Happy Days recreated the moment Joan Jett decided to become a rockstar
The Runaways rocker was 15 when Suzi Quatro — better known to Fonzie fans as Leather Tuscadero — blew her mind.
In 1977 on Happy Days, Arnold's got "all shook up" when rocker Suzi Quatro appeared as Leather Tuscadero to perform Elvis songs for a crowd of dancing teens. It was a moment that proved to a large TV audience that Suzi Q was undeniably the queen of rock & roll.
For Joan Jett, who was 19 when this episode aired and a member of the pioneering rock band the Runaways, watching this two-part Happy Days episode, "Fonzie, Rock Entrepreneur," must've been like a flashback, to when she was just a teen (well, a younger teen) bopping to the latest hits herself.
The same year the episode aired, Jett told The Los Angeles Times that growing up, before she ever picked up a guitar, she used to dress up like Suzi Quatro.

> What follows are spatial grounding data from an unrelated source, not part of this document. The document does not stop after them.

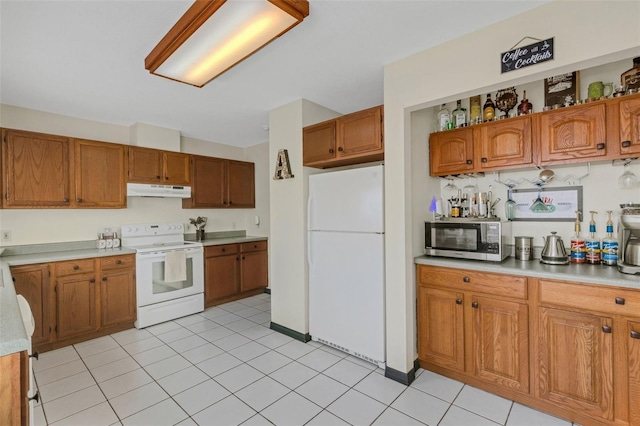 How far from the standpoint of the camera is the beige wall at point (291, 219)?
10.3 ft

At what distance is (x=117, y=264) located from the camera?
3361 millimetres

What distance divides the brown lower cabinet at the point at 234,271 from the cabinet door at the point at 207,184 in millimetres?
737

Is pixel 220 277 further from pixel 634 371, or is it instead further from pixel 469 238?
pixel 634 371

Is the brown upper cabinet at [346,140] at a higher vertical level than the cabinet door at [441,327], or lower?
higher

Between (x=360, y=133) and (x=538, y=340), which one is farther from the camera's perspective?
(x=360, y=133)

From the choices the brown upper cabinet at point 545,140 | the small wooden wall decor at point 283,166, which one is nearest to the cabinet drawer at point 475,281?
the brown upper cabinet at point 545,140

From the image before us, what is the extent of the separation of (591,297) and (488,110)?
159 centimetres

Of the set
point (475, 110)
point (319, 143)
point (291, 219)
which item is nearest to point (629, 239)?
point (475, 110)

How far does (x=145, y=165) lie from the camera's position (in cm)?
383

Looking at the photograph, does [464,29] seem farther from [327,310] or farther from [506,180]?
[327,310]

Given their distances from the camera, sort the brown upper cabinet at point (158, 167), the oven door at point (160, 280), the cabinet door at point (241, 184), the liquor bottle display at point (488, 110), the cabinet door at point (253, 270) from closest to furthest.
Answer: the liquor bottle display at point (488, 110) → the oven door at point (160, 280) → the brown upper cabinet at point (158, 167) → the cabinet door at point (253, 270) → the cabinet door at point (241, 184)

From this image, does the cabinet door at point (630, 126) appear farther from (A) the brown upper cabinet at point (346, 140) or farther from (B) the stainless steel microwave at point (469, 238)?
(A) the brown upper cabinet at point (346, 140)

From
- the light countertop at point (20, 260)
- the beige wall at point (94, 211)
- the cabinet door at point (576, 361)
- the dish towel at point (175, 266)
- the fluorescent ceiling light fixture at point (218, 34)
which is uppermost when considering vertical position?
the fluorescent ceiling light fixture at point (218, 34)

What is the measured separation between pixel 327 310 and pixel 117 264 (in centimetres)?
247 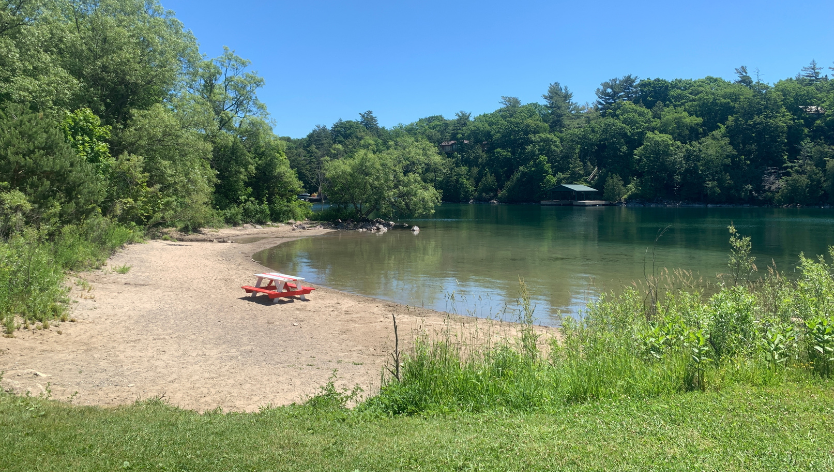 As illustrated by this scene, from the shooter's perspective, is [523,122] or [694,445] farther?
[523,122]

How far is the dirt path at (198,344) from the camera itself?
23.9 feet

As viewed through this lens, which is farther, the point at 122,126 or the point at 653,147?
the point at 653,147

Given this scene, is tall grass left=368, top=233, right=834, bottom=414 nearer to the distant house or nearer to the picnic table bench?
the picnic table bench

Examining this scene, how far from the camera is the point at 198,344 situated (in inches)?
392

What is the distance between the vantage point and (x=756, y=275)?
67.8ft

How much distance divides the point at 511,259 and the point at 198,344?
19.5 metres

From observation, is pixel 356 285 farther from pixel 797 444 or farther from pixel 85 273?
pixel 797 444

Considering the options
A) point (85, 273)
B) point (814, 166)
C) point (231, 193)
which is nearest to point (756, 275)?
point (85, 273)

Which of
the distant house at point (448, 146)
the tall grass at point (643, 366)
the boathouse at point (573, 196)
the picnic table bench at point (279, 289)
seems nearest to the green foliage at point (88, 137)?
the picnic table bench at point (279, 289)

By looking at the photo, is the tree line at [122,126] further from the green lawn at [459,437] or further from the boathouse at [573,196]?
the boathouse at [573,196]

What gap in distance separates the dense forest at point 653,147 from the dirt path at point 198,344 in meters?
55.9

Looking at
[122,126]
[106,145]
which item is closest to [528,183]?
[122,126]

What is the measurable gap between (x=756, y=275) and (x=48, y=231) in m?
26.1

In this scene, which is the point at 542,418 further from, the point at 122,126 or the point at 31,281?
the point at 122,126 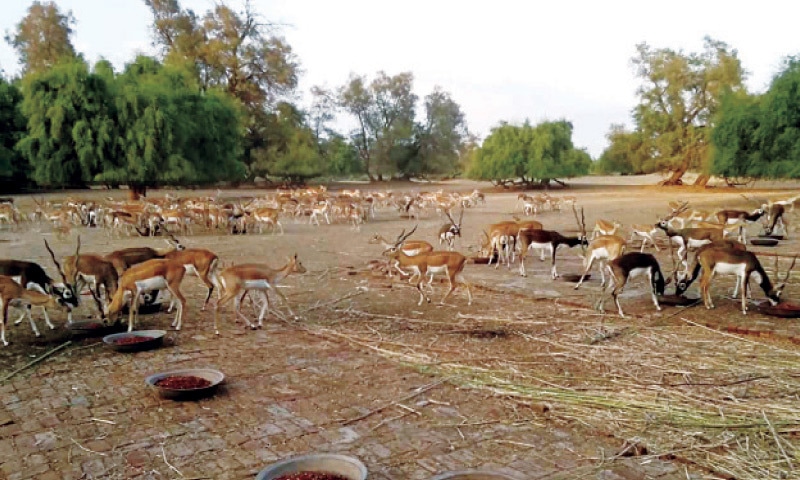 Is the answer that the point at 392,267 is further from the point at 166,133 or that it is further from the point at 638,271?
the point at 166,133

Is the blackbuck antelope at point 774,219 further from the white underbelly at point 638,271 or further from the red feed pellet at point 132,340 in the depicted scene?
the red feed pellet at point 132,340

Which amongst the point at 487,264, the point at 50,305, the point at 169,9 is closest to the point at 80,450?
the point at 50,305

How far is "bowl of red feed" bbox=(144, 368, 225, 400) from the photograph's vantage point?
698 centimetres

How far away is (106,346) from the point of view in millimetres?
9375

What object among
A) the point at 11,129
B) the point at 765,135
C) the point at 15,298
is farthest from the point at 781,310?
the point at 11,129

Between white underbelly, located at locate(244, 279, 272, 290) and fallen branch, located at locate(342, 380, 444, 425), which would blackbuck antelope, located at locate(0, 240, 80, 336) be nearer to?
white underbelly, located at locate(244, 279, 272, 290)

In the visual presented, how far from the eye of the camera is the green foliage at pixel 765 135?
37.7m

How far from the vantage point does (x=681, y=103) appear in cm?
6147

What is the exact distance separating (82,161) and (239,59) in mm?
30329

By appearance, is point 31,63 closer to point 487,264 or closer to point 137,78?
point 137,78

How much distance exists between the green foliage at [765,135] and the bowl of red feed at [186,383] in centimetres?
3721

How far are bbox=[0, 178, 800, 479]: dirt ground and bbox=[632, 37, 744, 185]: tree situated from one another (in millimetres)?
52057

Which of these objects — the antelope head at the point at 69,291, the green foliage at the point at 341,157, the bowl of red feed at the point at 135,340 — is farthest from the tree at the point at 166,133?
the green foliage at the point at 341,157

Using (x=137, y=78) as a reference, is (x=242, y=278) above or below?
below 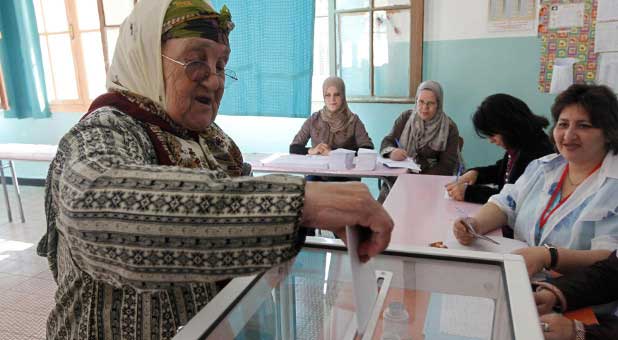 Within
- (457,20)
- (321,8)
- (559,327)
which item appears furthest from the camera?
(321,8)

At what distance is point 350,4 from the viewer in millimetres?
3922

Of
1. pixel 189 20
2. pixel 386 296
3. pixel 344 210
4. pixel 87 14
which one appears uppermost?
pixel 87 14

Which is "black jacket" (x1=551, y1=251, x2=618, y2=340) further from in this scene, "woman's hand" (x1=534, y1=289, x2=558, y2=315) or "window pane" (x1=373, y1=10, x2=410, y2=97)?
"window pane" (x1=373, y1=10, x2=410, y2=97)

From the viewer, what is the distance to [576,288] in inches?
50.4

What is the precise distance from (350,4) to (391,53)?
56cm

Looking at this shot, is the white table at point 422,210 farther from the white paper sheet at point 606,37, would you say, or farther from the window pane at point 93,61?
the window pane at point 93,61

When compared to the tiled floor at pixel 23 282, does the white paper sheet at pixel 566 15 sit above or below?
above

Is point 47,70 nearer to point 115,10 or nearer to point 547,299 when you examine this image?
point 115,10

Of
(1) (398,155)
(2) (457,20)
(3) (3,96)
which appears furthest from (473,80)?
(3) (3,96)

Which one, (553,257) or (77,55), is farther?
(77,55)

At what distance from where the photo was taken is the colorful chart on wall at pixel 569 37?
11.2 ft

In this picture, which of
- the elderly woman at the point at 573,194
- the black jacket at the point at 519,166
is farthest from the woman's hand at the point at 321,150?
the elderly woman at the point at 573,194

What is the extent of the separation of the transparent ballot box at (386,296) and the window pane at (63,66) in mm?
5129

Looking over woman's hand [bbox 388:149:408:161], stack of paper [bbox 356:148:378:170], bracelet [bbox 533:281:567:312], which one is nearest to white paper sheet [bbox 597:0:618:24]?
woman's hand [bbox 388:149:408:161] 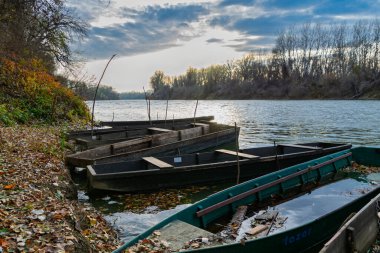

Just look at any photo of Joan Jett, and you'll see Jett never really dropped the Quatro look. Suzi's style clearly helped Jett form her "Bad Reputation."
Suzi's influence on the Runaways goes further than just looks, of course. It's also evidenced in the songs, as noted by every review forever linking the two seminal female rock acts. No doubt what critics were hearing in a Runaways hit like "Cherry Bomb" (well, it was No. 1 in Japan) was Jett's pure fandom for Suzi's Sixties sound.
"I was 15 the first time I saw her, and it completely blew my mind," Jett told the Times in 1978.
And she noted that: "Suzi, of course, got it all from Elvis."
That's what makes the Happy Days episode so perfect for Suzi Quatro fans in the audience like Jett. Seeing Suzi clad in leather singing classic Elvis songs like "Heartbreak Hotel" must've felt right as rain.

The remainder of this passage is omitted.